Sarah Huckabee Sanders just told a whopper in defense of the GOP’s attempt the suppress the minority vote.
USA Today reports:
The Commerce Department is reinstating a citizenship question to the 2020 Census for the first time in decades, a move that some arguewill lead to an undercount of minorities living in the United States. The U.S. Census Bureau counts the total number of people in the country — not the total number of citizens — every 10 years. Though it usually doesn’t ask about a person’s citizenship status, the Justice Department asked the agency late last year to include the question. It is the first time the government has done that in 70 years.
The Census count is used to redraw congressional districts, so it can affect the makeup of Congress, and to determine where federal, state and local funds will be used to build new schools, roads, health care facilities, child-care centers and senior centers. It also forms the basis of countless government and academic studies that drive public policy decisions and legislation from Washington, D.C., to statehouses and city halls.
Sarah Sanders said repeatedly today that every census since 1965 has included Q about immigration status, except 2010. That is false. The question hasn’t been asked in a full census since 1950 out of fears of squirreling the results. For more: https://t.co/EFYI4JmTg3
— Cathleen Decker (@cathleendecker) March 27, 2018
White House on Census: “This was a question that was included in the U.S. Census since 1965 with the exception of 2010 when it was removed.”

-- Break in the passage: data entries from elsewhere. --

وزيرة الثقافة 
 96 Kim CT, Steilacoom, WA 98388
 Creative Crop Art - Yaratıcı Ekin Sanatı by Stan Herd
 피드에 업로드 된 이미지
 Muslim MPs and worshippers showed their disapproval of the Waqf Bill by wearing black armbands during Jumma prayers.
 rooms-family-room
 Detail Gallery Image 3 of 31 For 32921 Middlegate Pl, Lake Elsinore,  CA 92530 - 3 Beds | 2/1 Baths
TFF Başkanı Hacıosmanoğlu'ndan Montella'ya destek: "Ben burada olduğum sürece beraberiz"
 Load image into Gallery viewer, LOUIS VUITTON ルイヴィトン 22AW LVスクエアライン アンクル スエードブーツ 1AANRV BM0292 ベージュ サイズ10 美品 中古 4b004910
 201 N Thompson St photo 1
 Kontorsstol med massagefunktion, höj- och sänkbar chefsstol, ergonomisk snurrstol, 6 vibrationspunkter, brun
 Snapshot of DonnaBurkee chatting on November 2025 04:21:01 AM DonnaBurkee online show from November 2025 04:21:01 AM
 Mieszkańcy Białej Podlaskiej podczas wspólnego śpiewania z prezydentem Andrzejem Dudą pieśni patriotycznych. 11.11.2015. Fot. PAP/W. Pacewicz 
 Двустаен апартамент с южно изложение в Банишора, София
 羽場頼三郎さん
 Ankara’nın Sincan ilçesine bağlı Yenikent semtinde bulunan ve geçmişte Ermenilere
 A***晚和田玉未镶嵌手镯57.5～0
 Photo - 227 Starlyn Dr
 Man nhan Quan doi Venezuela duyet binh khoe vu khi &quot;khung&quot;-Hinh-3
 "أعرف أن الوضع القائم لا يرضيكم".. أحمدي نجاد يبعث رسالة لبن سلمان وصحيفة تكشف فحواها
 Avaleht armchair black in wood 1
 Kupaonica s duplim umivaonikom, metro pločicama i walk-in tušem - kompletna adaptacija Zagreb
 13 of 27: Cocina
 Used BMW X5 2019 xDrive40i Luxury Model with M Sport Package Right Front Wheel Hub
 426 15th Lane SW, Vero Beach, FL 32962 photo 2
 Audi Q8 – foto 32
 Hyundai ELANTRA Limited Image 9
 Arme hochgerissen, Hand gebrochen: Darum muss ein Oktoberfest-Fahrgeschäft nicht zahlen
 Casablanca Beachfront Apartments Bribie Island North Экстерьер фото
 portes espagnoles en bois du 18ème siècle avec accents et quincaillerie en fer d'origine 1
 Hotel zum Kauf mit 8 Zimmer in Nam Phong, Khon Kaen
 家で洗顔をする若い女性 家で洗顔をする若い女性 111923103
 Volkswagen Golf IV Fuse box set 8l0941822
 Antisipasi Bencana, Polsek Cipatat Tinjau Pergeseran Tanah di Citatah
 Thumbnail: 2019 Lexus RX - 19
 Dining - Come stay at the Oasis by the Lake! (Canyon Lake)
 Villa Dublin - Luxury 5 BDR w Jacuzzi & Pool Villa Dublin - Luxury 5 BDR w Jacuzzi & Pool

Wrong. Sample American Community Surveys have included it, but it hasn’t been on the full form census since 1952. pic.twitter.com/pEuGSF8rco
— Christina Wilkie (@christinawilkie) March 27, 2018
Sanders says a citizenship question has been on every census since 1965.
— Kyle Griffin (@kylegriffin1) March 27, 2018
RE: the Census, @PressSec says citizenship has been asked every year since 1965 except 2010. But she is referring to the smaller American Community Survey, which isn’t used to determine congressional representation. It’s been 50 years since main Census asked about citizenship.